Po krótkim intermedium rządowym sprawowanym przez Ericha Kielmansegga (czerwiec-wrzesień 1895 r.), 2 października 1895 r. tekę premiera objął Kazimierz hr. Badeni. Opóźnienie to wynikało z faktu, że w tym czasie odbywały się wybory sejmowe w Galicji i Badeni, jako namiestnik tego kraju koronnego musiał czuwać nad ich przebiegiem.

Lato 1895 r. to szczytowy moment w karierze politycznej Badeniego. Napisano o nim sporo (literaturę dostępną w zbiorach Biblioteki MNZP podano niżej), więc by nie przytaczać faktów biograficznych w ogólnodostępnych materiałach, chcielibyśmy przedstawić informację o zamieszczoną w jednym z tygodników („Das Neue Illustrirte [!] Blatt”) we wrześniu 1895 r.:

„Prowizoryczny gabinet Kielmansegga, który w czerwcu tego roku został utworzony w miejsce zdymisjonowanego rządu Windischgrätza, powinien wkrótce ustąpić miejsca stałemu rządowi. Misję jego utworzenia Jego Cesarska Wysokość powierzyła namiestnikowi Galicji, Badeniemu.

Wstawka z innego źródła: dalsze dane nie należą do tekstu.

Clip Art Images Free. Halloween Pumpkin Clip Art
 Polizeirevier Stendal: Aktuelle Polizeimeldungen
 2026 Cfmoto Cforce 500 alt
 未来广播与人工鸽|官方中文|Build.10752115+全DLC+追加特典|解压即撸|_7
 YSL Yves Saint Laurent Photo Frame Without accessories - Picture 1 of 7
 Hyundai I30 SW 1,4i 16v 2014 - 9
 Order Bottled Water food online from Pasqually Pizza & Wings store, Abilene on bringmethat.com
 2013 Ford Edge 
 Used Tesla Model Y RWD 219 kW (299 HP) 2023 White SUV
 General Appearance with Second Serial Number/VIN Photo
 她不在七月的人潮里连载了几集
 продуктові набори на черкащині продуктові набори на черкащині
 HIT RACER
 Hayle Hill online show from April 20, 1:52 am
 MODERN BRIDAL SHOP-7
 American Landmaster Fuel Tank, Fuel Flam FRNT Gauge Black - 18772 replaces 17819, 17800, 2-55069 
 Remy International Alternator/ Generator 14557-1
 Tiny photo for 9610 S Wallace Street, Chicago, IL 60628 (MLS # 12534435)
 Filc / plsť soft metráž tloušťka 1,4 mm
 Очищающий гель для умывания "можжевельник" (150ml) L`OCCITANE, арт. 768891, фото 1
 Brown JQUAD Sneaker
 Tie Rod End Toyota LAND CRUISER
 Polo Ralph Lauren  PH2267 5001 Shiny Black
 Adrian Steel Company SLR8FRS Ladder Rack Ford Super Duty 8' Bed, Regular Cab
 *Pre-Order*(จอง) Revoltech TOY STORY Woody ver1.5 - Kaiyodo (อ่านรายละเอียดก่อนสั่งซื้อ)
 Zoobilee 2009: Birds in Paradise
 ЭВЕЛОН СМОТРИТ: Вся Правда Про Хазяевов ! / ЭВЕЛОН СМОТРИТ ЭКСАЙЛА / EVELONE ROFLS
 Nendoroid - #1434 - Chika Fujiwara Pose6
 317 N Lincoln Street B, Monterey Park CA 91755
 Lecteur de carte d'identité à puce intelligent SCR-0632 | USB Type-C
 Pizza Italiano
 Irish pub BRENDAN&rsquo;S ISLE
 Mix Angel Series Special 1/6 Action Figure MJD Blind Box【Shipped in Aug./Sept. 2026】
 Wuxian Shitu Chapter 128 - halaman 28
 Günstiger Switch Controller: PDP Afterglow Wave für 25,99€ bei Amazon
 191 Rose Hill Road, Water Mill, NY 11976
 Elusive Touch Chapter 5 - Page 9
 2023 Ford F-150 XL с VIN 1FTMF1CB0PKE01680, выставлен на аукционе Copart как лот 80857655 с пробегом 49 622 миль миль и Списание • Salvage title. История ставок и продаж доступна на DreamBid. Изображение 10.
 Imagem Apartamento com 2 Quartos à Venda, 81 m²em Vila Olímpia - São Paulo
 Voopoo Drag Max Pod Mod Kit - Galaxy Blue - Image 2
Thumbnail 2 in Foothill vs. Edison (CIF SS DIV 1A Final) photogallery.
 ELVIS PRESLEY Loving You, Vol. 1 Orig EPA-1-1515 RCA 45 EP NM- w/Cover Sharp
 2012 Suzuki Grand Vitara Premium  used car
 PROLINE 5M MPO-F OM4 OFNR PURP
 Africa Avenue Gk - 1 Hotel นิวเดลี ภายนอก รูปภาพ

Przyszły premier rządu austriackiego, Kazimierz hr. Badeni pochodzi z włoskiej rodziny, która przybyła do Polski wraz królową Boną, żoną Zygmunta I, w drugiej dekadzie XVI wieku. Rodzina Badenich tytuł hrabiowski otrzymała dopiero od władz austriackich, po rozbiorach Polski. Ojciec przyszłego premiera [Władysław – TP] należał do najsumienniejszych posłów sejmu galicyjskiego i przez wiele lat był referentem dla spraw drogowych w galicyjskim Wydziale Krajowym. Rodzina nie była bogata, dlatego Kazimierza i jego o 4 lata młodszego brata, Stanisława, posłano na studia, by zapewnić im karierę urzędniczą. Bracia od wczesnej młodości wykazywali się niepospolitymi zdolnościami. Na równi z synami zwykłych rodzin mieszczańskich przeszli przez wszystkie szczeble edukacji publicznej, zaczynając od szkoły elementarnej, dzięki czemu zdobyli też dogłębną znajomość galicyjskich stosunków krajowych. Dorastając w ścisłym kontakcie z wszystkimi warstwami społecznymi kraju, znają go jak mało kto, wszystkie jego swoistości i dobrze władają językiem zarówno polskim, jak i ukraińskim. Edukacja w publicznych placówkach zaowocowała także tym, że Kazimierz Badeni, w przeciwieństwie do jego pozostałych przedstawicieli szlachty galicyjskiej, obracał się wśród mieszczaństwa, dzięki czemu poznał je dobrze i nauczył się je cenić.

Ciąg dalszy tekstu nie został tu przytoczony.